Task goal:
Determine the number of lines in these entries that hold the word "worm". Give the number and nothing more.
-------- Records to process
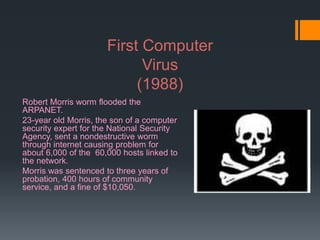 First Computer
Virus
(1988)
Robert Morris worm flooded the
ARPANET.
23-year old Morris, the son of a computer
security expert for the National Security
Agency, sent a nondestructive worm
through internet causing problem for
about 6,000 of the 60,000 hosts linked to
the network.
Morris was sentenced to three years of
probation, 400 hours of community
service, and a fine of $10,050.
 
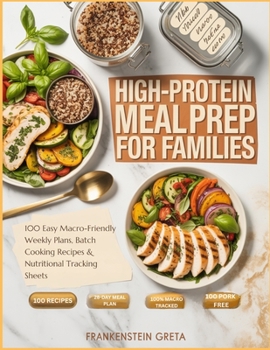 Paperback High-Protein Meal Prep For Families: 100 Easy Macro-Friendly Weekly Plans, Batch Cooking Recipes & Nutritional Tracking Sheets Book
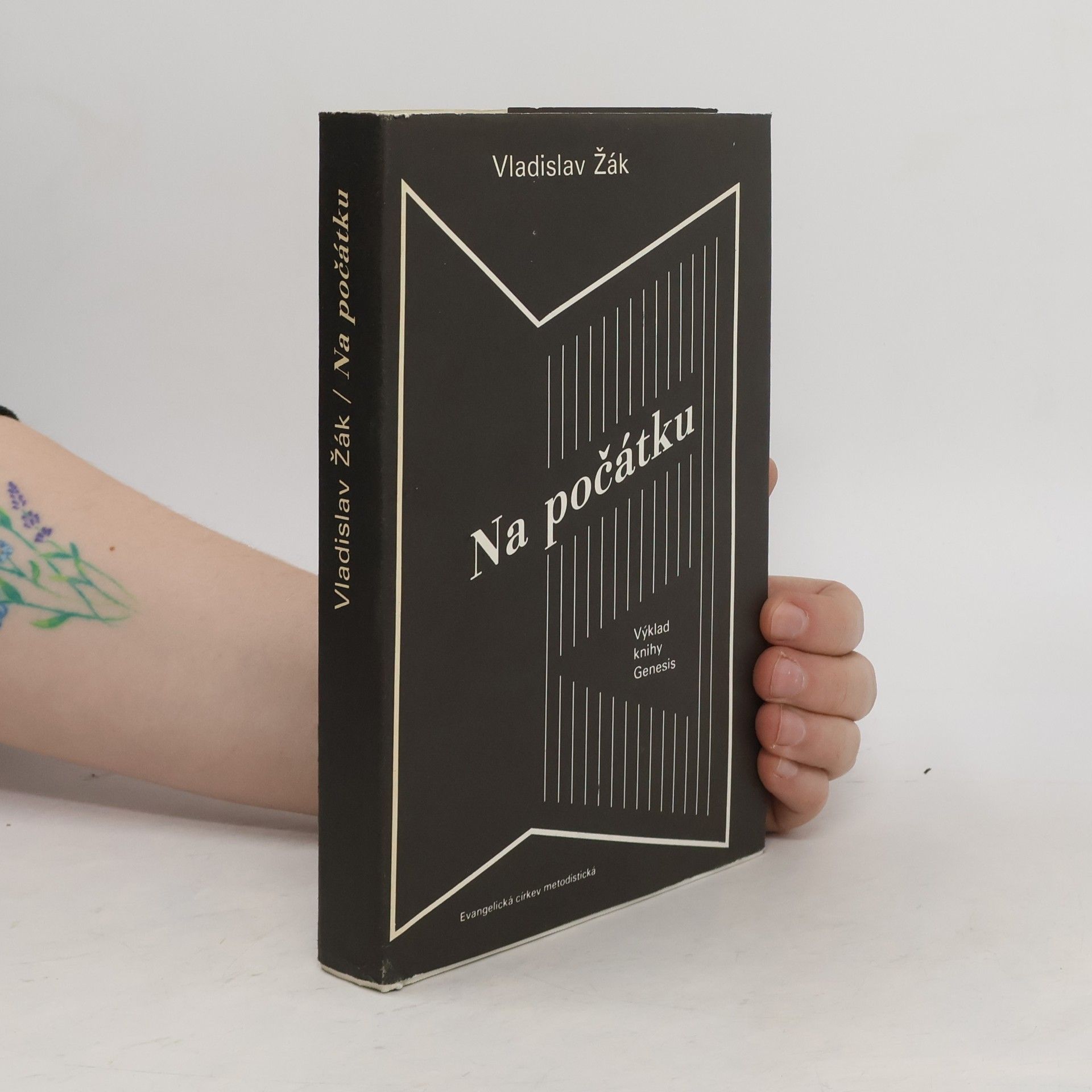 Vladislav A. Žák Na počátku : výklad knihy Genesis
----------------
-------- Records to process
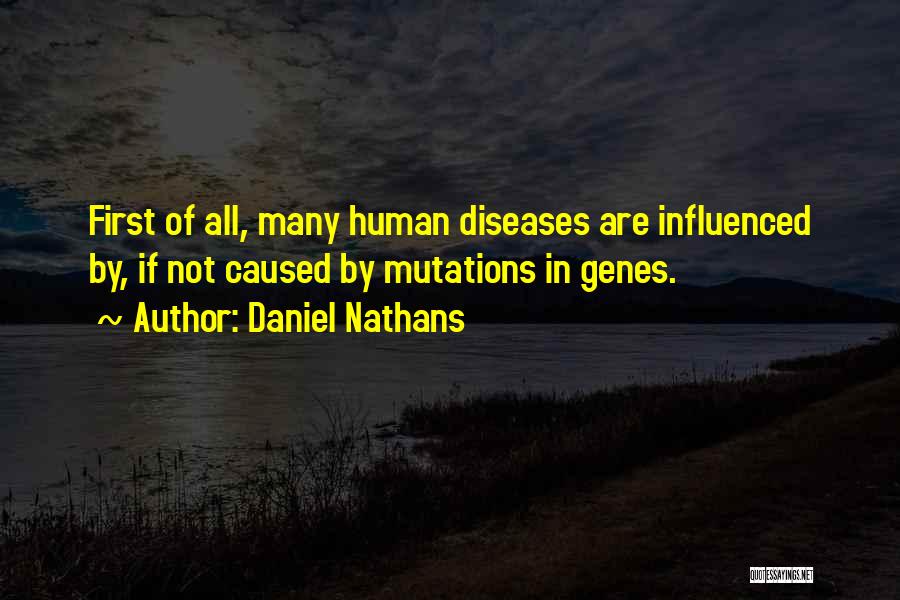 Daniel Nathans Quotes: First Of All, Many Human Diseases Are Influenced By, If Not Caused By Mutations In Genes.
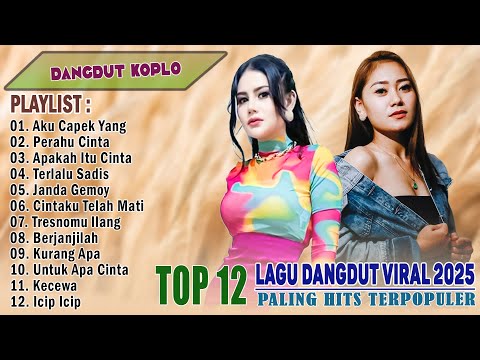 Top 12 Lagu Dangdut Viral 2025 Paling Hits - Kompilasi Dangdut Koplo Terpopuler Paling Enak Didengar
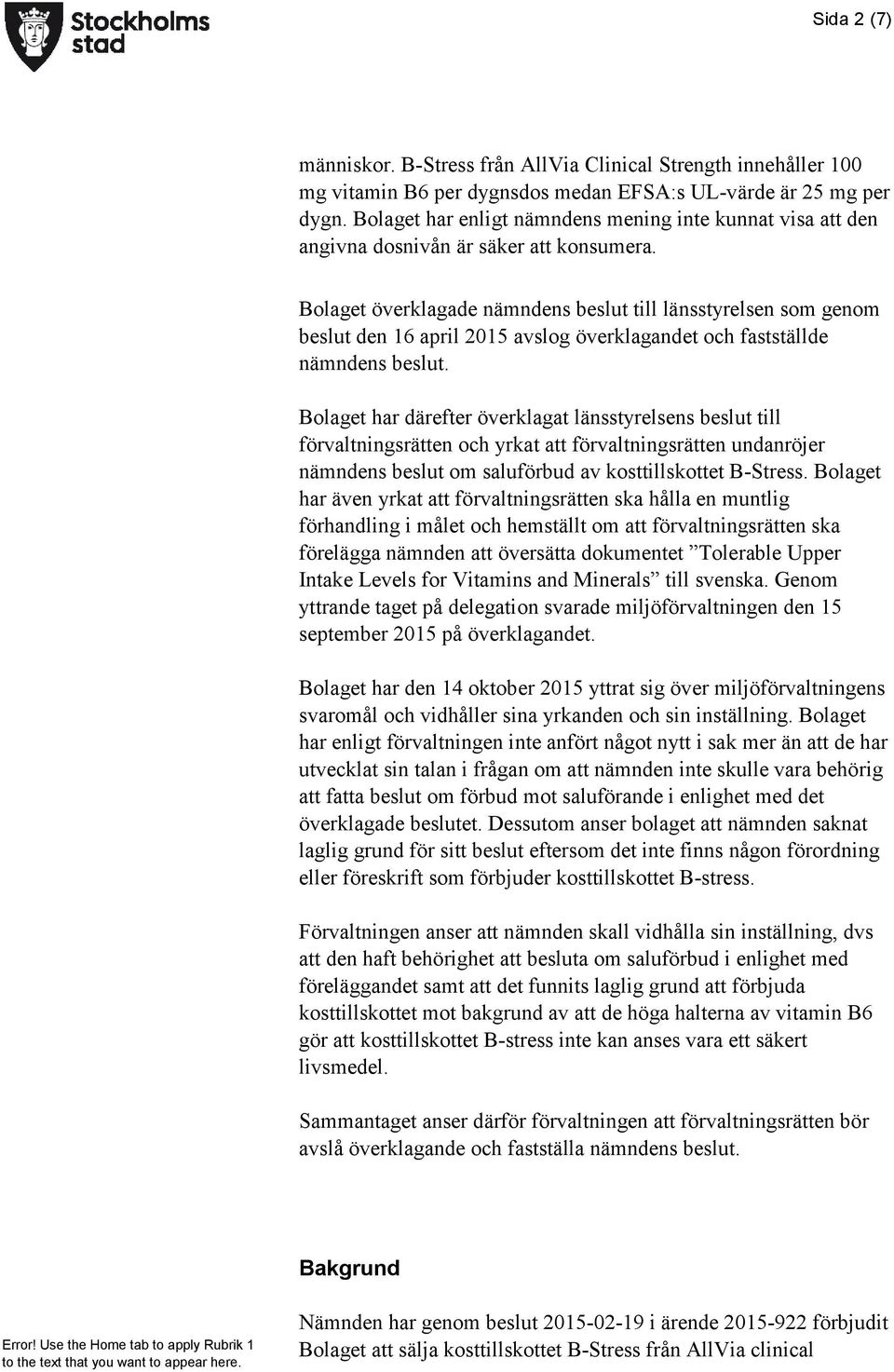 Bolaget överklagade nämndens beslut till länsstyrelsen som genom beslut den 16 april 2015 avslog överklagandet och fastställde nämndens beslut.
----------------
Response area:
2